» Task directions
Reproduce from the records below, with no pictures, exactly the lines between the one containing "this 819×1456 image." and the one containing "this 269×203 image.", inclusive.

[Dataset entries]
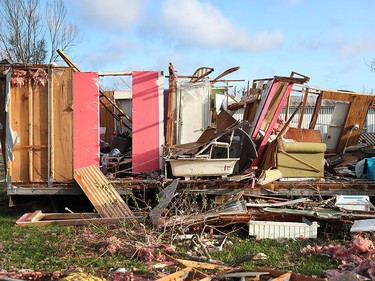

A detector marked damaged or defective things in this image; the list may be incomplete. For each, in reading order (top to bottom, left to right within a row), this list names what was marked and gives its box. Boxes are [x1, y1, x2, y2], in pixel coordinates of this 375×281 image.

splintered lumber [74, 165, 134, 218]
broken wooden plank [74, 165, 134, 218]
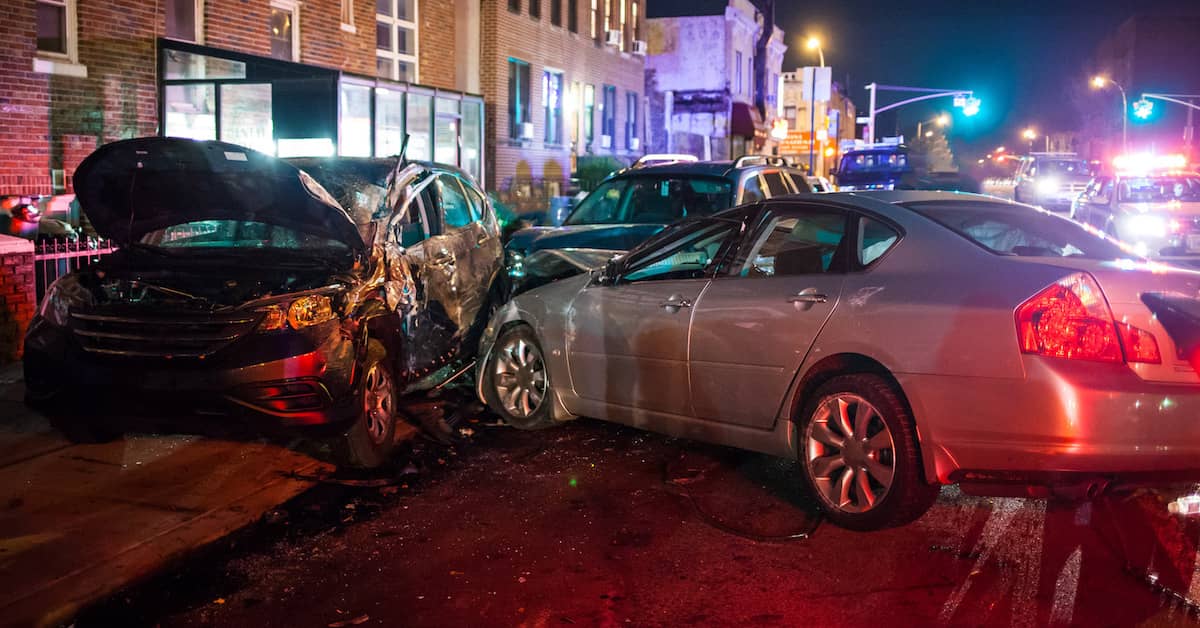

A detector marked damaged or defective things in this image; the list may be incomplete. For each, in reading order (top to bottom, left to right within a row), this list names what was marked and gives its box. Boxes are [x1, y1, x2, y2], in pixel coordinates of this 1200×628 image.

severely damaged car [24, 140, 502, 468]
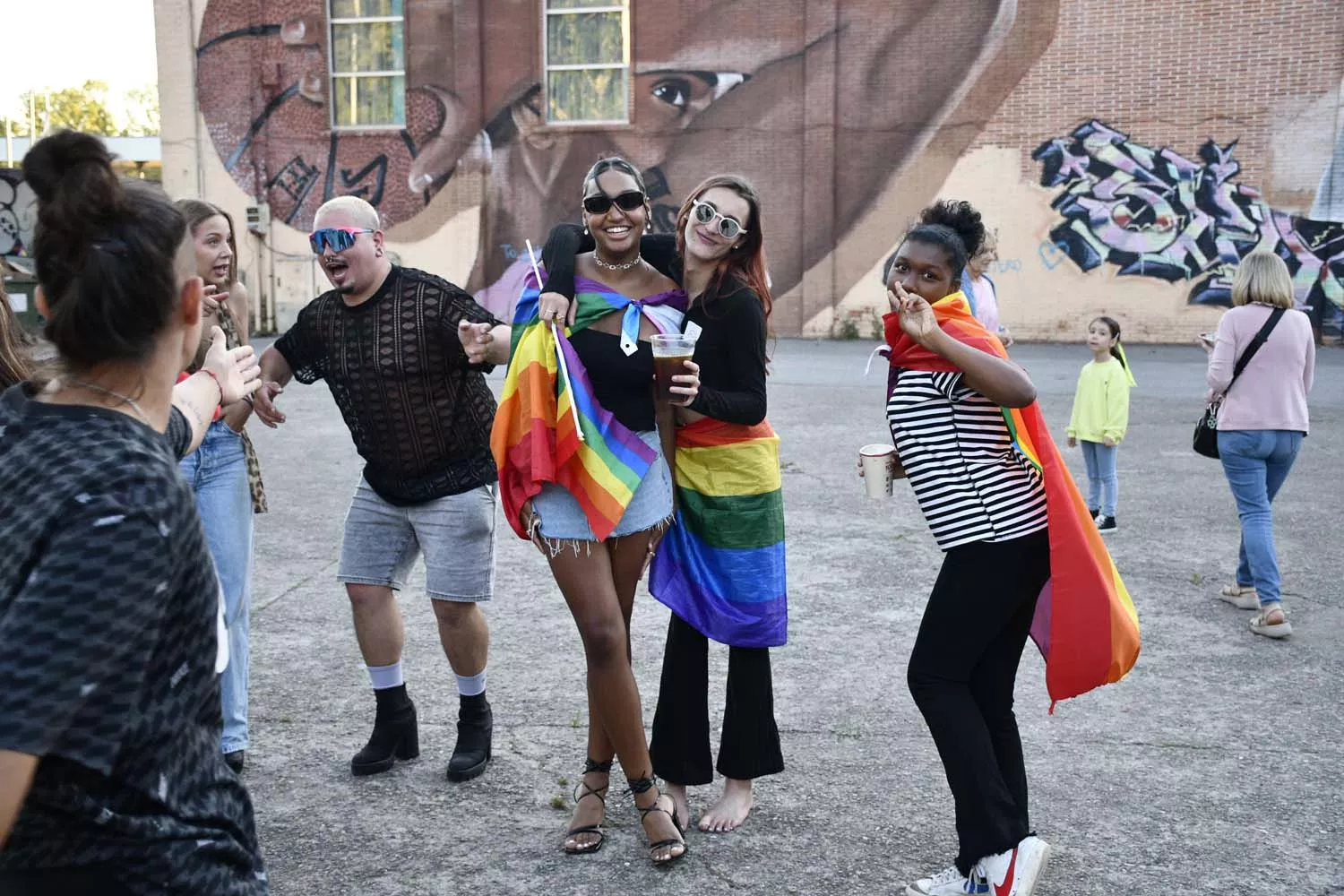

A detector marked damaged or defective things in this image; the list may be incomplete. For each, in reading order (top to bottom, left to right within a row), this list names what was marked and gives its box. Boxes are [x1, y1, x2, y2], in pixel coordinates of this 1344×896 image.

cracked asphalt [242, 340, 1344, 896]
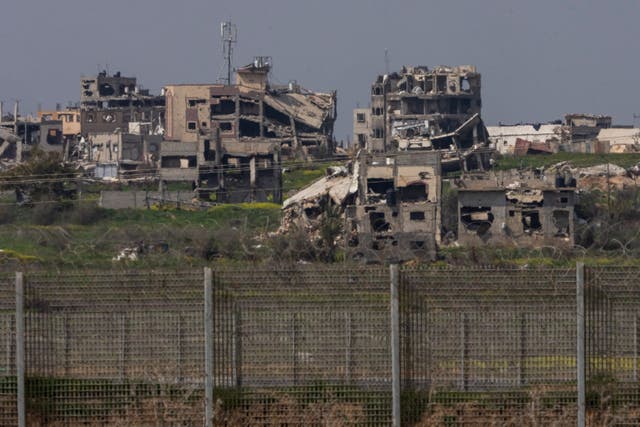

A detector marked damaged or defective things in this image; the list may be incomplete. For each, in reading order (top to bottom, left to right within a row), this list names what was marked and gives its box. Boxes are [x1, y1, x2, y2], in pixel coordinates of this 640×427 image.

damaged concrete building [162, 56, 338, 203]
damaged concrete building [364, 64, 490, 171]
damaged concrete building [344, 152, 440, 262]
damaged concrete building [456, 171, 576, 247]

...

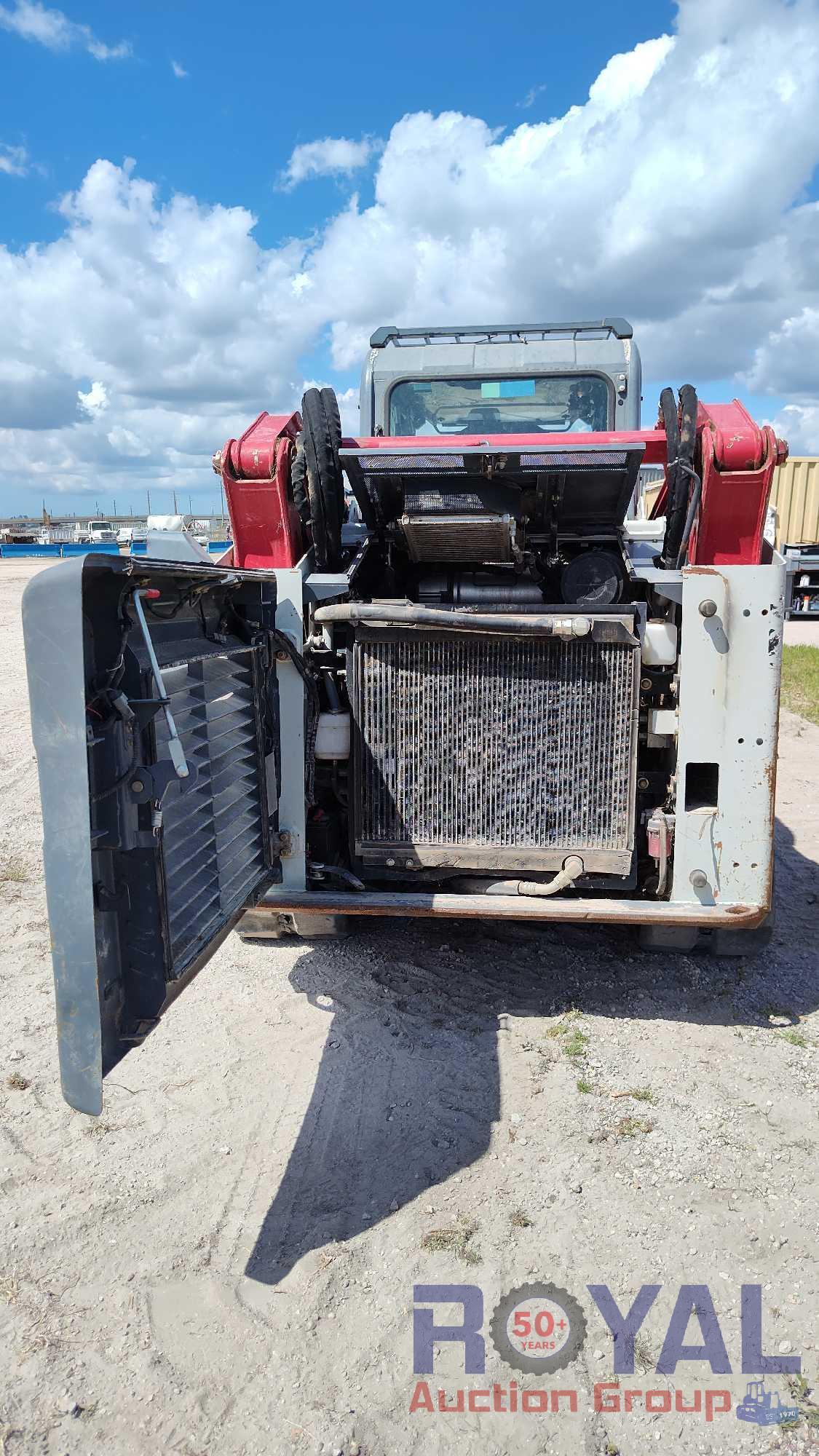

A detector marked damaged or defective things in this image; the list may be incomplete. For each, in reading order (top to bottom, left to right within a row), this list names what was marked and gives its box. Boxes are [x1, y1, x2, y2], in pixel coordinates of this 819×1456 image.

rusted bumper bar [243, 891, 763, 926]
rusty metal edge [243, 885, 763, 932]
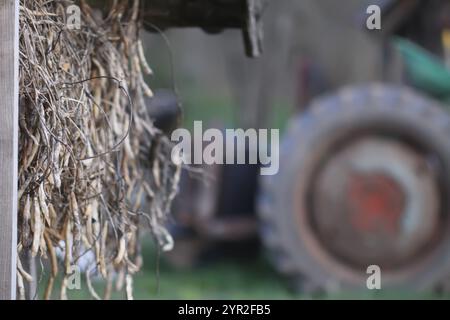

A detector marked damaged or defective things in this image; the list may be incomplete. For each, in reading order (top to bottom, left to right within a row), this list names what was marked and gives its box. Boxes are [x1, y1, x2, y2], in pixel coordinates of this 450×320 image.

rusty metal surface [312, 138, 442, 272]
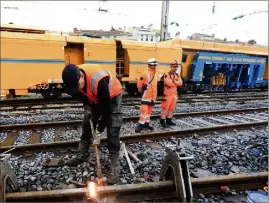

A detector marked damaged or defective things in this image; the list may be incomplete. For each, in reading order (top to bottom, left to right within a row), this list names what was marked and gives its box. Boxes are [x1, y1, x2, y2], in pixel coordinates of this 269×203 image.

» Task solution
A detector marked damaged or defective things in this image; the list may be incomplete. For each, in reading order (top to bottom, left to right within a row), this list names what was marked and gives its box. Boxes are [x1, y1, x2, y2], in pixel coordinates of this 819×1456 image.

rusted bumper bar [243, 891, 763, 926]
rusty metal edge [243, 885, 763, 932]

A detector marked damaged or defective things in this image; the list may be incomplete. For each, in reading order (top to bottom, left to right within a row), this list names what was marked and gives its box. Boxes are [x1, y1, x2, y2], in pixel coordinates of this 450×320 image.

rusty metal surface [312, 138, 442, 272]

A detector marked damaged or defective things in this image; the list may be incomplete. For each, in reading order (top to bottom, left to right within a row), this list names what was marked and gives its box. Boxes are [x1, y1, x2, y2], in pixel coordinates of this 269×203 image.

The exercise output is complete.